Product Code: ICA10_M802

3D-Microstructuring of Sapphire using High Power Fs-Laser Radiation and Selective Etching
Authors:
Maren Hörstmann-Jungemannn, Lehrstuhl Fuer Lasertechnik (LLT), RWTH Aachen University; Aachen Germany
Jens Gottmann, Lehrstuhl Fuer Lasertechnik (LLT), RWTH Aachen University; Aachen Germany
Presented at ICALEO 2010

Micro structuring of sapphire and fused silica is an important market e.g. for microfluidic devices and sensors that combine optical and microfluidic features, freeform microlense systems as well as micromechanical parts. New techniques which enable more material and time efficient processing of sapphire and fused silica are requested.

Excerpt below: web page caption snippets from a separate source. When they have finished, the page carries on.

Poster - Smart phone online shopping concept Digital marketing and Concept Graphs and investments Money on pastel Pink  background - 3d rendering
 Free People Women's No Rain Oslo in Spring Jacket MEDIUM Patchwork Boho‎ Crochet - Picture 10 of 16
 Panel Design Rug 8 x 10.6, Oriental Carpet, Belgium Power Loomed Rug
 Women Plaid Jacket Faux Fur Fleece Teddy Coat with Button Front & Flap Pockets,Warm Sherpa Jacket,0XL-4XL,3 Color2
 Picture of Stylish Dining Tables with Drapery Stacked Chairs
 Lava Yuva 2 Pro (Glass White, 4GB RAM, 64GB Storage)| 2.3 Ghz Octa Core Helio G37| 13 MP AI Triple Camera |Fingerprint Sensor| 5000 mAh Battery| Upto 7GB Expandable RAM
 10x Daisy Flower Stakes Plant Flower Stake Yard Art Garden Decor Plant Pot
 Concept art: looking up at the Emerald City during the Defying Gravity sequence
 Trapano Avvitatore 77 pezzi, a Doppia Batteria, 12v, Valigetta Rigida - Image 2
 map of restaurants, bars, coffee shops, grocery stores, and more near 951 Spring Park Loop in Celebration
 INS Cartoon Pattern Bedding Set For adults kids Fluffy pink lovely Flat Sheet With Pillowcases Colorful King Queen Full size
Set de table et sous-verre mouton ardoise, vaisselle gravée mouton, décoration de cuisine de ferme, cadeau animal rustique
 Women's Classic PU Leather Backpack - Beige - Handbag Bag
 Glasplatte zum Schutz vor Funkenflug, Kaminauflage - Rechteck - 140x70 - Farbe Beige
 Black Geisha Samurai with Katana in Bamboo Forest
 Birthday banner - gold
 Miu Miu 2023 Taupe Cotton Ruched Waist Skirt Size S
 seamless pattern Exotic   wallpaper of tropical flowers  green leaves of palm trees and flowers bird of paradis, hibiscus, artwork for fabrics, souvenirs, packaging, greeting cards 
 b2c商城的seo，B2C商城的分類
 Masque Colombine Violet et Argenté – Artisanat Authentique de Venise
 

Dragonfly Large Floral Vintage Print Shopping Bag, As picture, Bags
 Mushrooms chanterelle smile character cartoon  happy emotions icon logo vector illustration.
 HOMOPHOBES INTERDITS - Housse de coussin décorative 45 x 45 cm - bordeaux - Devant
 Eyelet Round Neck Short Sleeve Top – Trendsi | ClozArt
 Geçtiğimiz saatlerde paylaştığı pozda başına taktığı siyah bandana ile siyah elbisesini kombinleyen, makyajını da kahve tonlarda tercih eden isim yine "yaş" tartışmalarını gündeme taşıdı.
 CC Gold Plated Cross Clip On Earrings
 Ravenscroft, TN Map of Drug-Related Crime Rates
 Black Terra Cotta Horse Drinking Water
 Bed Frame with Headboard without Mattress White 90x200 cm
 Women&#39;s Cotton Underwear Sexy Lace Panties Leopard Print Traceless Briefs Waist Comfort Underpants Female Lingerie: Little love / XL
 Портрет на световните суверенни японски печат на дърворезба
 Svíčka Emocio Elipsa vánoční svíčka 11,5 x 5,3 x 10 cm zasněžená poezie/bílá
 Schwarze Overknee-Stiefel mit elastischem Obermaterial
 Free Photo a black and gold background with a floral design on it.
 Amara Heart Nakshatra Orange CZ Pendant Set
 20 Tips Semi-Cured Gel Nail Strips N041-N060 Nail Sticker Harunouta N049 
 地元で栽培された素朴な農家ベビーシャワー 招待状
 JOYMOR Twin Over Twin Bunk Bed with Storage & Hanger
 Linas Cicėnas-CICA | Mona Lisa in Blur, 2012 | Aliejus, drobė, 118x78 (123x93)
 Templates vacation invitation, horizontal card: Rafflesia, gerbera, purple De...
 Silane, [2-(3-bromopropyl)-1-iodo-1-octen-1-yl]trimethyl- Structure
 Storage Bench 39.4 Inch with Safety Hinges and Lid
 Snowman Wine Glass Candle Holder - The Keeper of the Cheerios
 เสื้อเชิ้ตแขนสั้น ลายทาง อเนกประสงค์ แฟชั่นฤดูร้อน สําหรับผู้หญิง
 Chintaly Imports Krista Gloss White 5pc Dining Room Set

The In-volume Selective Laser Etching technique ISLE is a two step process for micromachining of transparent materials, e.g. sapphire and fused silica. First the sample is irradiated using fs-laser direct writing with high NA, which induces material modifications within the focal volume by non-linear absorption processes. Subsequently the irradiated volume is removed by wet etching.
The use of high repetition rate fs-lasers, e.g. FCPA lasers with f=0.1-5 MHz, potentially enables a high productivity, but is actually limited by available handling systems which do not allow the combination of high speed, high pressision and high numerical aperture.
To overcome this limitations mentioned above a scanning optics for fs-laser writing with high precision (x= 100-300 nm), high speed (v= 100-300 mm/s) and large numerical aperture (NA=0.4-1.2) is developed.
New results which are achieved with the ISLE method in combination with the developed scanning optics will be shown and discussed. Furthermore first tests of microstructuring with high power-fs-laser radiation (λ= 1030 nm, = 700 fs, f= 20 MHz and P= 400 W) and small numerical apertures (NA= 0.1) are shown.